All’indomani della Seconda Guerra Mondiale, la nascita delle Nazioni Unite rispose alla percepita necessità di creare un sistema internazionale capace di evitare una nuova deflagrazione bellica mondiale. Ma, sebbene ammantata coi migliori principi del liberalismo internazionalista americano, l’assioma fondamentale alla base dell’ONU era sostanzialmente un accordo consortile tra le Grandi potenze. Un meccanismo simile, dunque, a quelli impiegati per pacificare l’Europa all’indomani delle guerre napoleoniche e della Guerra franco-prussiana. In questo contesto, l’aspetto organizzativo delle Nazioni Unite doveva tradursi nella formalizzazione effettiva di quella che il ministro degli Esteri britannico Castlereagh, parlando del Congresso di Vienna, aveva definito diplomacy by conference.

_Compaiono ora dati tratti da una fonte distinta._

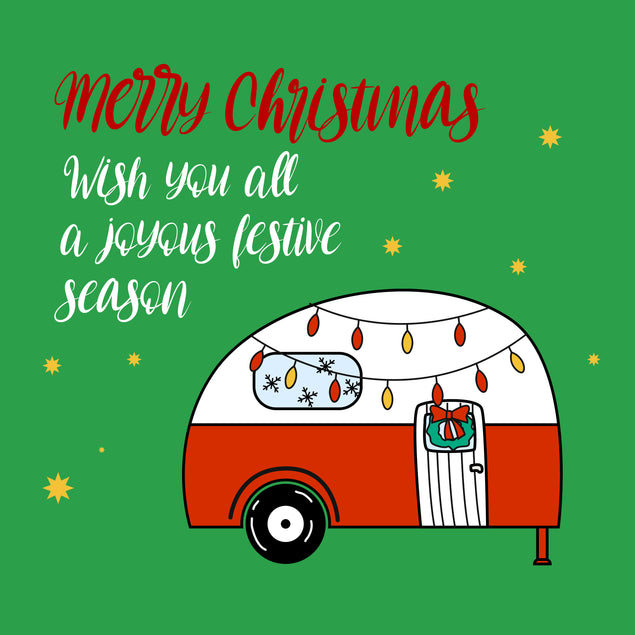 Merry Christmas Wish You All A Joyous Festive Season Caravan Card Season_Christmas Seo_Caravan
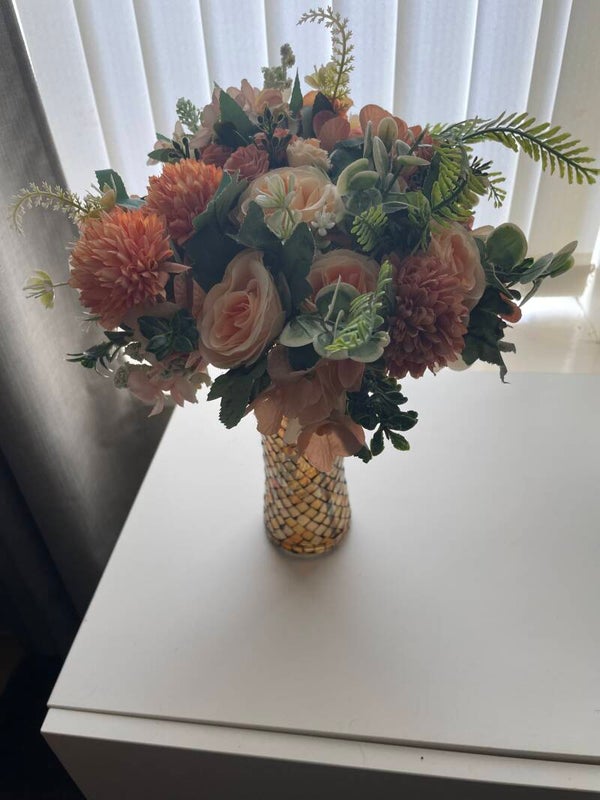 Mystery boquet with a card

Nel dibattito corrente questo aspetto cruciale viene usualmente trascurato. Si parla dunque di quanto le “Nazioni Unite non funzionino”, non vedendo come queste ultime siano contenitore e non contenuto. L’ONU nasce fin dal principio come mezzo per aiutare gli stati a esprimere le proprie posizioni e ad articolarle in maniera costruttiva, non per determinare le politiche di questi. In altre parole, il miglior funzionamento delle Nazioni Unite è assicurato dalla cooperazione – o, almeno, dalla rivalità costruttiva – delle Grandi potenze. Tale è stato, per esempio, nell’immediatezza del secondo conflitto mondiale, quando Stati Uniti, Gran Bretagna e Unione Sovietica determinarono gli assetti post-bellici dell’Europa e dell’Asia. In assenza di questo accordo – di quell’intesa strategica generale che nelle parole dei politologi americani prende il nome di Great bargain –, aspettarsi una qualche azione di successo duratura da parte delle Nazioni Unite o delle organizzazioni sorelle appare quantomeno irrealistico.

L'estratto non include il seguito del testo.